In some cases, doctors will not even review a patient’s prescription list unless asked to do so by the patient or family. Patients are also often held responsible for their prescriptions after hospital discharge, even when they should not be caring for themselves. Many are not able to manage a consistent medication schedule relative to their pain, and may also be unaware of harmful side effects like respiratory depression, mental fogginess, or overdose death, an extreme but common consequence.
As a result, older patients are extremely vulnerable to addiction. Inexperienced doctors can easily over-prescribe pills and leave patients practicing self treatment. Some may ask why it matters that our elderly are addicted, but no person should have to spend the remaining duration of their life reliant on a substance.
The solution to this problem involves greater focus on education in medical schools, specifically when it comes to geriatric health and pharmaceuticals. Psychopharmacology plays an important role, too: older patients have different brain chemistry, and they are affected by drugs differently than younger patients. We must focus specifically on how opioids may affect the mental states of older patients and how dependency factors play into a patient’s ability to medicate themselves. Medical schools must reform their educational practices to keep up with the growing geriatric population. If medical schools place greater importance on geriatric health, the next generation of doctors will have a better understanding of the population, and therefore help prevent addiction.

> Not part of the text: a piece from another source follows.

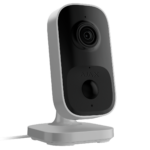 Ajax IndoorCam, bílá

Improvements in the geriatric healthcare system will also positively affect younger generations. Although the opioid epidemic is raging, doctors still prescribe medications with little hesitation. Doctors need to view opioids as potentially hazardous due to the risk of addiction, and promote a culture in which prescription medication is valued, but also approached cautiously. Young people raised in this environment will have a healthier relationship with opioids, and hopefully be less likely to experience addiction as they age.
This article concludes my series on the opioid epidemic. Of course, every solution discussed in this series is easier said than done, but I believe that with increased government funding and dedicated education in medical schools, we will be able to confront this problem properly. Our country needs to come together to create a culture in which prescription opioids are used with great caution. The epidemic must be treated as an urgent problem that affects every one of us.